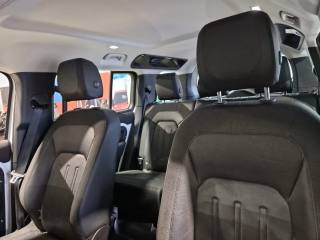 LAND ROVER Defender usata, con ESP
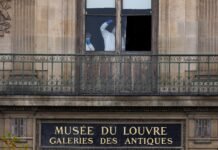 Two suspects in Louvre heist case arrested by French police, report says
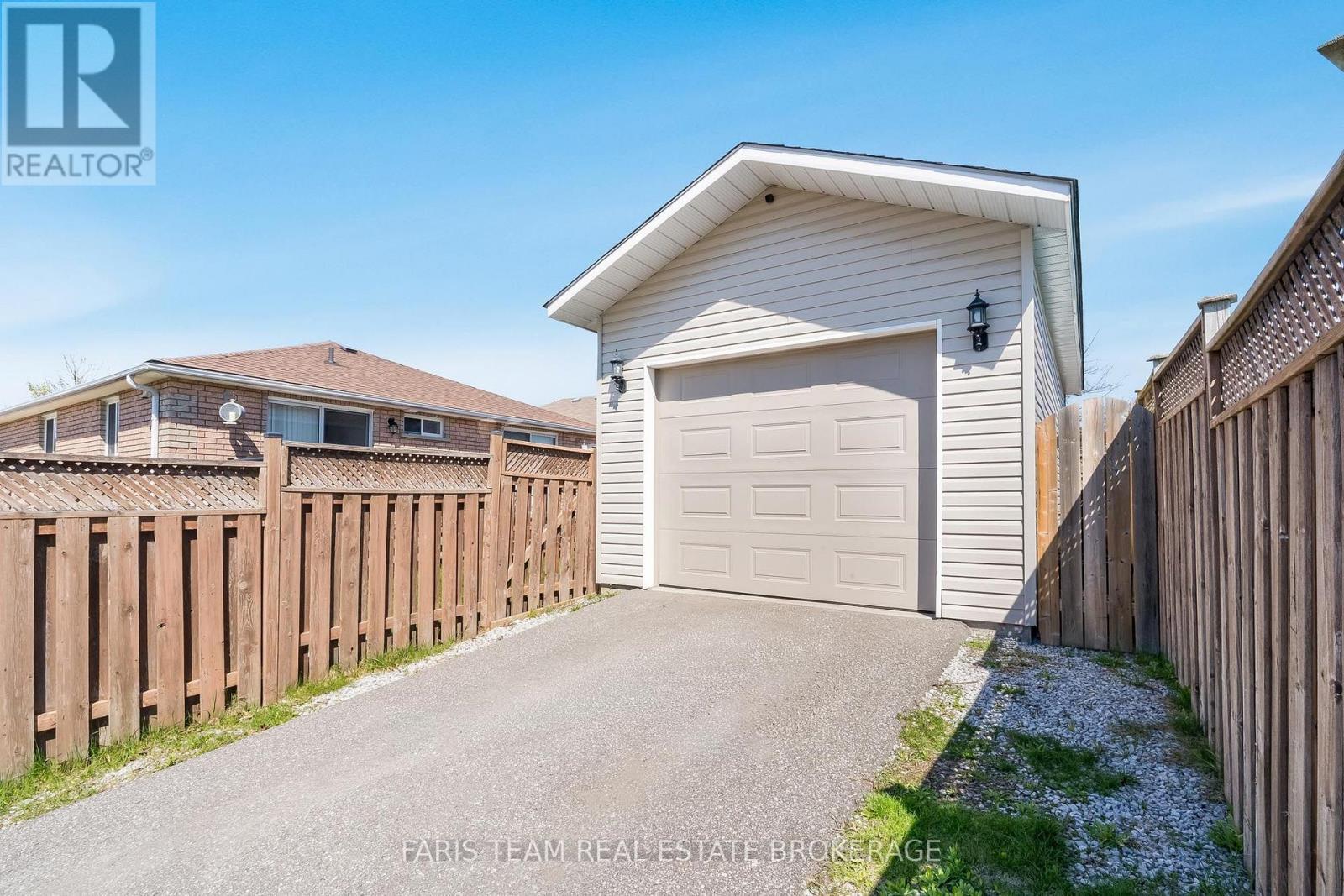 57 WESSENGER DRIVE - Image 38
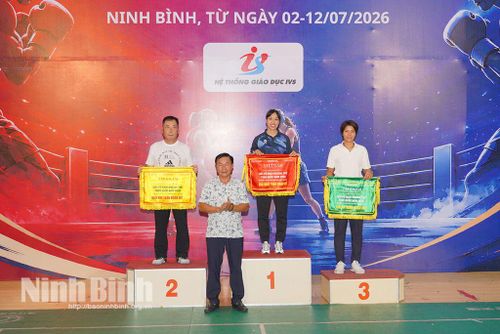 Đại diện Liên đoàn Quyền anh Việt Nam trao Cờ toàn đoàn cho các đơn vị đạt thành tích xuất sắc ở nội dung nữ lứa tuổi 17-18.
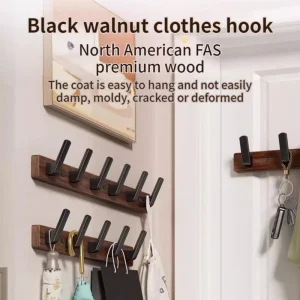 Träväggmonterad klädhängare med nyckelhållare – dekorativ upphängning för hattar, scarfs och väskor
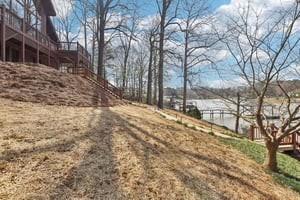 Shade Tree Ln-L0503-039.jpg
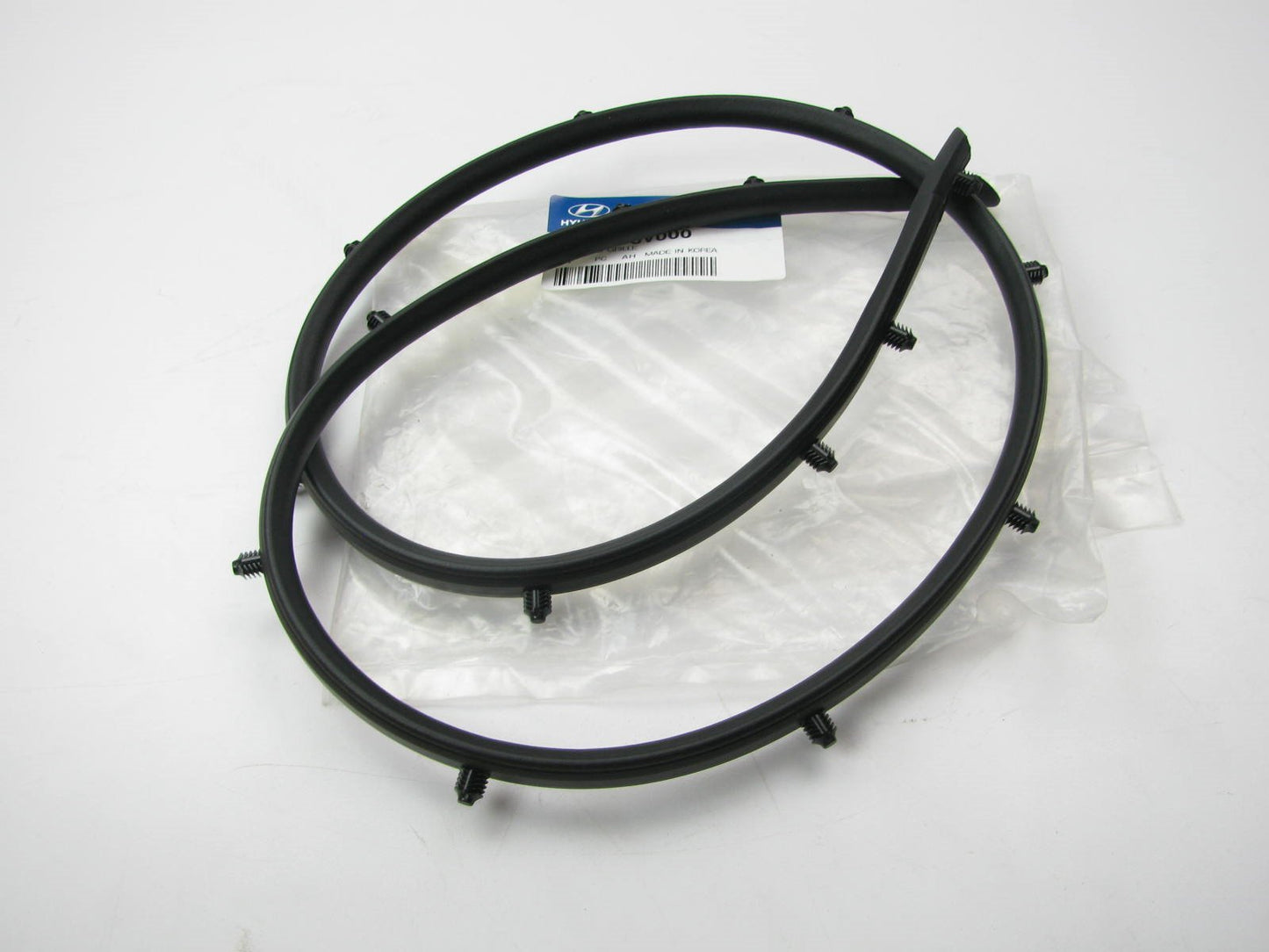 NEW - OEM Front Grille Moulding Seal Strip For 2012-14 Hyundai Azera 863593V000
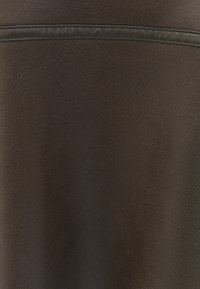 Fleecová bunda - major brown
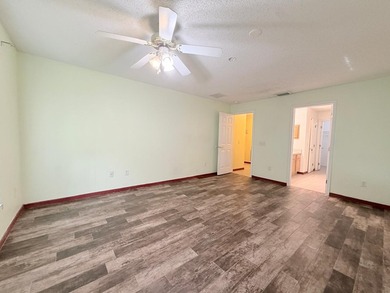 Welcome to this beautifully maintained Port St. Lucie home - photo 19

Work instructions:
Return each entry exactly as it stands above, apart from any images.

Result of this exercise:
 LAND ROVER Defender usata, con ESP
 Two suspects in Louvre heist case arrested by French police, report says
 57 WESSENGER DRIVE - Image 38
 Đại diện Liên đoàn Quyền anh Việt Nam trao Cờ toàn đoàn cho các đơn vị đạt thành tích xuất sắc ở nội dung nữ lứa tuổi 17-18.
 Träväggmonterad klädhängare med nyckelhållare – dekorativ upphängning för hattar, scarfs och väskor
 Shade Tree Ln-L0503-039.jpg
 NEW - OEM Front Grille Moulding Seal Strip For 2012-14 Hyundai Azera 863593V000
 Fleecová bunda - major brown
 Welcome to this beautifully maintained Port St. Lucie home - photo 19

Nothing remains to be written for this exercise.